The South Africa variant, known as B.1.351, has been detected in only about 20 COVID-19 cases in the U.S. but raised concerns because of the possibility it might resist vaccines. Pfizer and BioNTech said there has been "no clinical evidence to date” that its vaccine is not effective against that variant but are working on an update or booster shot anyway.
"It is unclear what effect a reduction in neutralization by approximately two-thirds would have on (vaccine)-elicited protection from COVID-19 caused by the B.1.351 lineage of SARS-CoV-2,'' says the report, authored by researchers from Pfizer, BioNTech and the University of Texas Medical Branch.
Researchers found no reduction in efficacy against the U.K. variant.
Two Louisiana residents have been arrested for trying to bribe Hawaii airport screeners to allow them to bypass the state’s mandatory Safe Travels rules, officials said. Johntrell White, 29, and Nadia Bailey, 28, arrived in Hawaii on Feb 12 without "valid COVID-19 exemptions or pre-tests," officials said in a news release. They told an airport screener that they would give her $3,000 to let them both through without quarantining.
"The screener alerted deputy sheriffs, who arrested them both for bribery. White and Bailey were booked and released and immediately flew back to the mainland," the release said.
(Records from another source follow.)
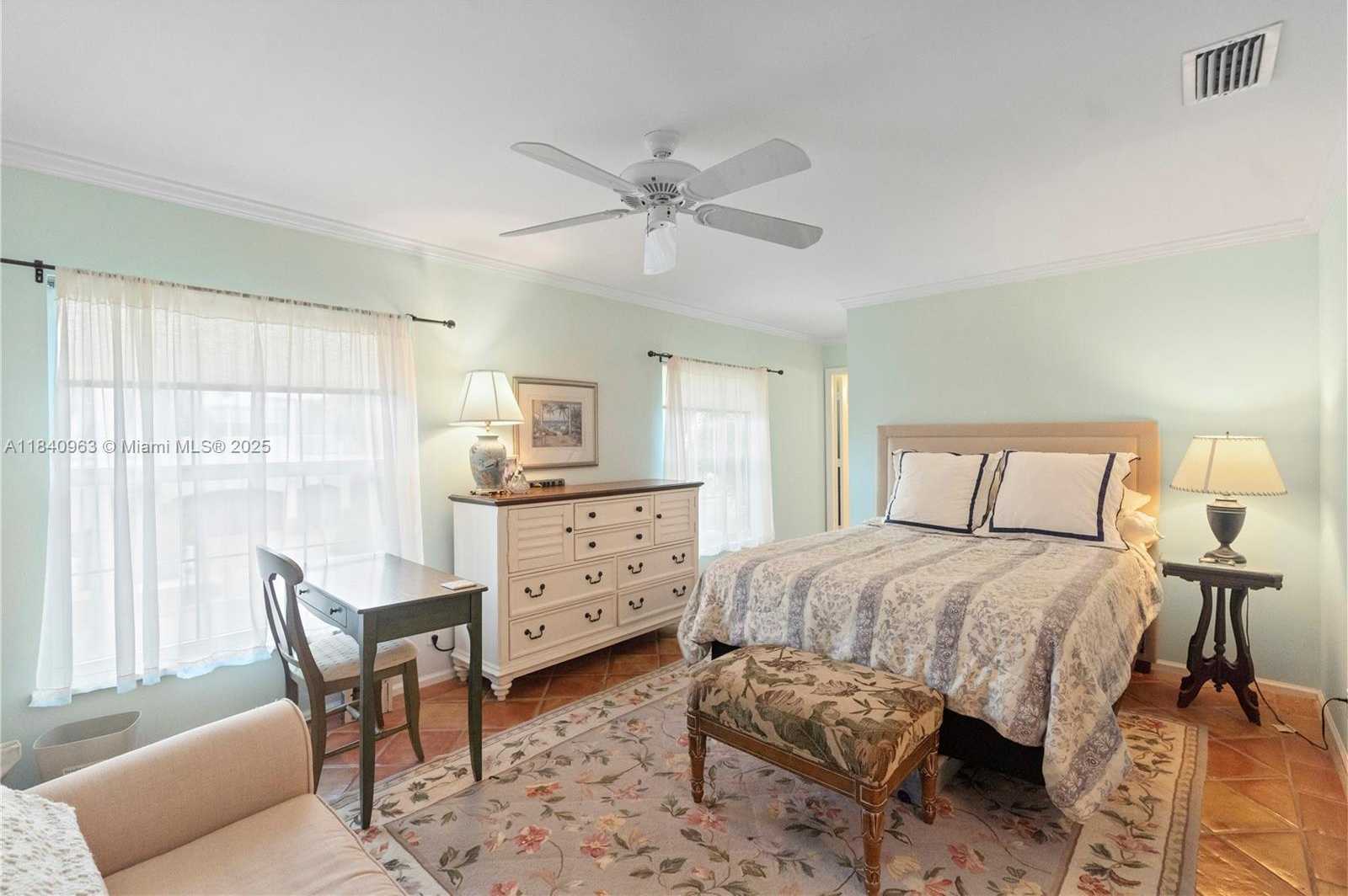Small Image of 99 SEABREEZE AVE #1, Delray Beach Number 30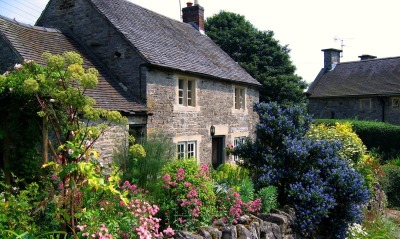 Дом из камн Англия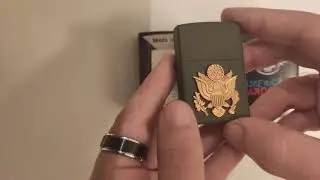US ARMY ZIPPO windproof lighter 2002 matte army green (not original packaging)  Rare Piece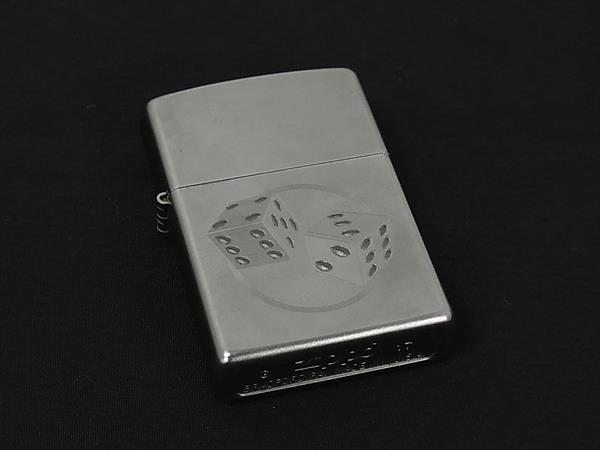 商品情報 ブランド名 ZIPPO ジッポー 状態ランク ABランク(美品) ライン カラーシルバー系 素材 サイズ(cm) W 約3.7cm　H 約5.5cm　D 約1.2cm サイズ(inch) W 約1.46inch　H 約2.17inch　D 約0.47inch ポケット 付属品画像内にあるものが全てになります シリアル及び刻印 状態使用感　擦れ小　汚れ小　くすみ着火未確認　着火保証無し　現状渡し □□□　状態ランクについて　□□□ 【N】　新品 【S】　未使用品（展示品など） 【A】　傷汚れが少なく状態の良い商品 【B】　程よい使用感や多少の傷、汚れはあるが程度良好の商品 【C】　使用感の他、目立つ傷や汚れが見れる商品 【D】　かなり大きな痛みがある難あり商品 ※記載させていただきました状態説明・ランクは、あくまで弊社基準にて判断したものとなります。 その為、個人差による主観の差が生じる場合も御座いますので、あらかじめご了承頂いた上で、ご検討下さいませ。 pleasure（株式会社peace）が販売しています。 出品中の商品につきましては全て正規品(本物）でございます。 （古物許可証第305521507463東京都公安委員会）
Hawaii’s current travel restrictions allow for visitors if they produce a negative test before arrival or to undergo a mandatory 10-day quarantine.
Police in Mexico arrested six people Wednesday in the northern border state of Nuevo León for allegedly trafficking in fake coronavirus vaccines. Assistant Health Secretary Hugo López-Gatell later said that the fakes were presented as Pfizer vaccines, which are only available in Mexico through government vaccinations teams. He said the suspects had offered the vaccines for sale for the equivalent of around $2,000 per dose.
"You don't play around with health, and in these moments of pandemic, nobody should be profiteering," Public Safety Secretary Rosa Icela Rodríguez said.